Reproduce the data below in full and to the letter, images excepted.

──────── Collected data ────────

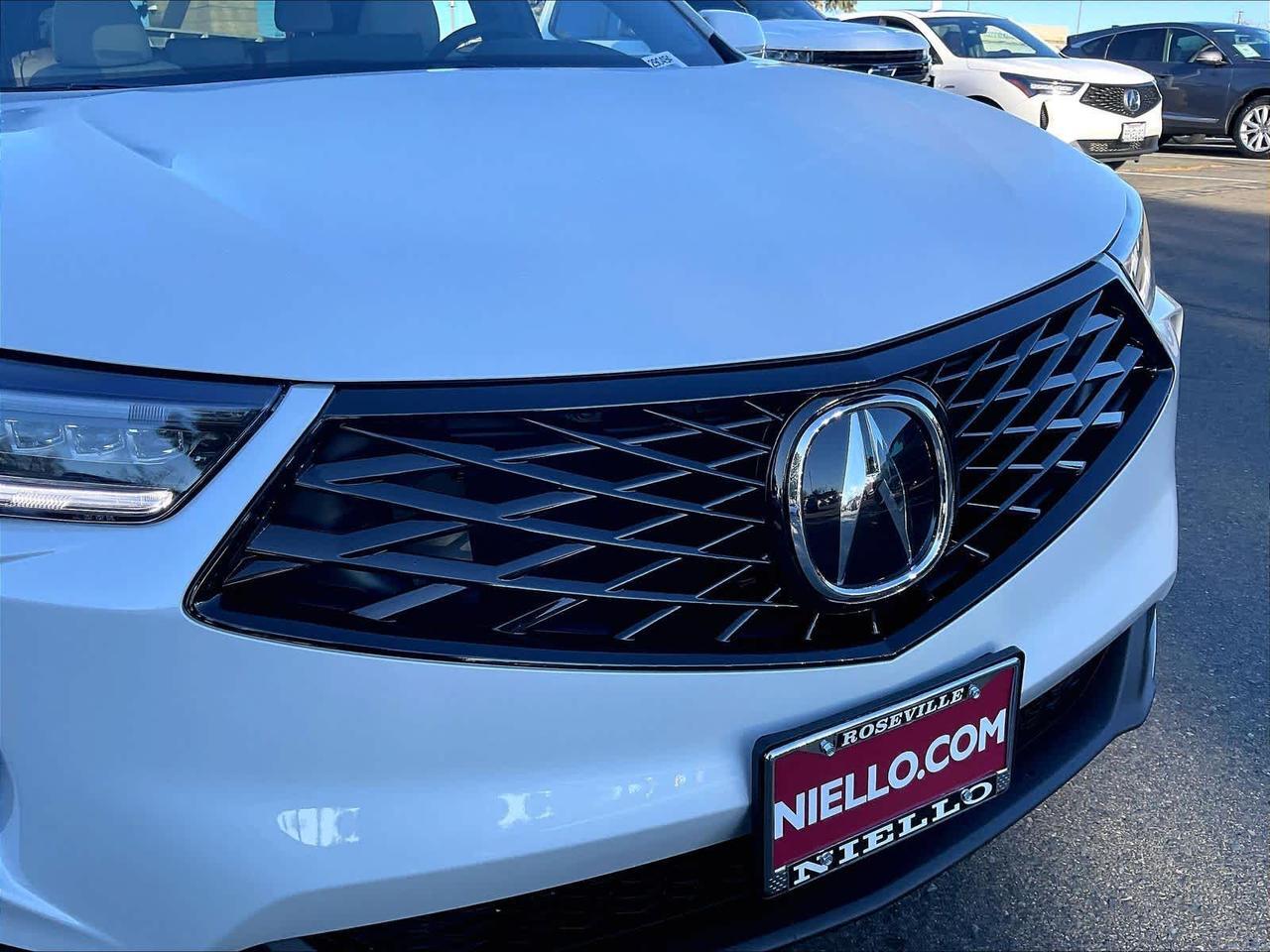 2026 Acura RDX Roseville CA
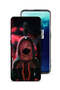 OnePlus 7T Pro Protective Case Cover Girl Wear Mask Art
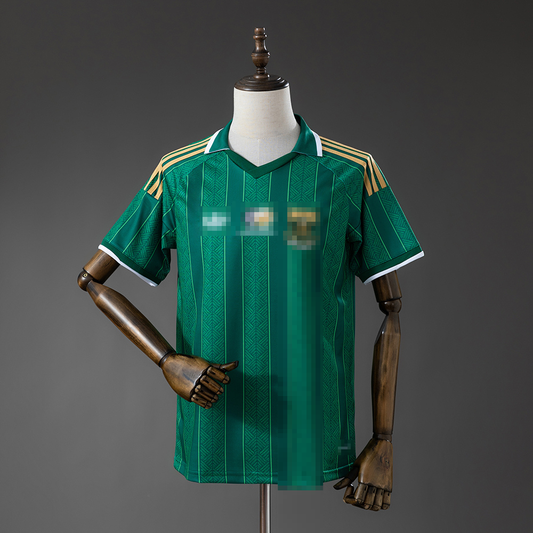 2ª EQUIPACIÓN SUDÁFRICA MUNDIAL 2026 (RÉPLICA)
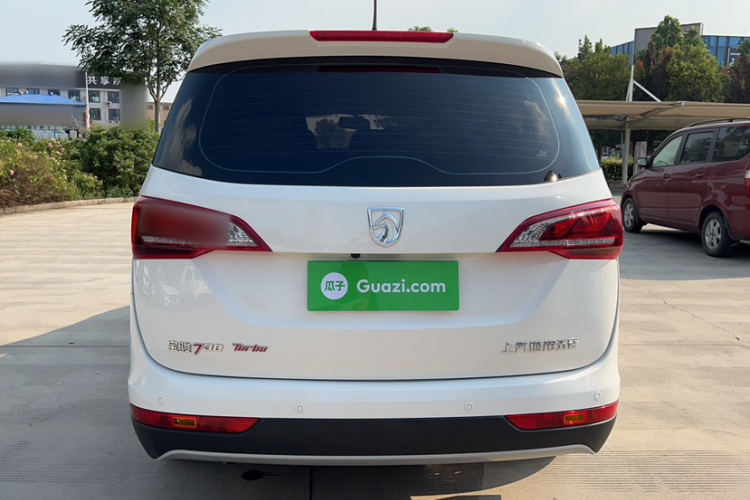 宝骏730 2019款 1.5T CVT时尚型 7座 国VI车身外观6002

────────

:: Answer below ::
 2026 Acura RDX Roseville CA
 OnePlus 7T Pro Protective Case Cover Girl Wear Mask Art
 2ª EQUIPACIÓN SUDÁFRICA MUNDIAL 2026 (RÉPLICA)
 宝骏730 2019款 1.5T CVT时尚型 7座 国VI车身外观6002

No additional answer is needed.